In what could be termed as homecoming for hemp seeds in Kentucky, the state agriculture department and the federal government have come to an agreement on import of these industrial seeds in the state.
The agreement between Fed and the Kentucky Department of Agriculture was reached on Friday after the later agreed to drop a legal case filed in May over the acquisition of the hemp seeds.
According to the sources, the federal government has agreed that Kentucky’s process will control the cultivation and marketing of hemp, the non-intoxicating cousin of Marijuana.
Following the deal, the agriculture department will now file an application before the federal government seeking its permission for importing hemp seeds. Under the agreement, the fed will expedite the process for Kentucky’s plea and grant its approval for hemp seeds import at the earliest.
“What we’ve learned is it will grow well in Kentucky. It yields a lot per acre.
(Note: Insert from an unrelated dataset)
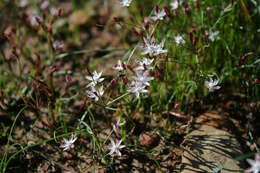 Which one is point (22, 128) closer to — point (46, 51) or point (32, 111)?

All the things that we predicted,” state Agriculture Commissioner James Comer said.
In May, the Kentucky agriculture department has filed a lawsuit against several government agencies after the US customs officials detained the hemp seeds that were supposed to be imported to Kentucky in Louisville. The seeds were later distributed to private farmers and agricultural universities following their release in late May.
Since the release, several test plots have shown the hemp seeds to be hardy and fast growing. Experts say it has the potential to make easy money as it has several remarkable range of traditional uses including hemp milk, mulch, clothing, cooking oil, lotions and soap.
The roots of hemp seeds in Kentucky date back to pioneer days as it was also once a staple at many farms.
Cultivation of hemp, a kind of marijuana, without the permission of a federal agency was banned in 1970. According to the experts, both hemp and marijuana belong to the same species, Cannabis sativa. Hemp, however, contains a negligible amount of psychoactive compound THC.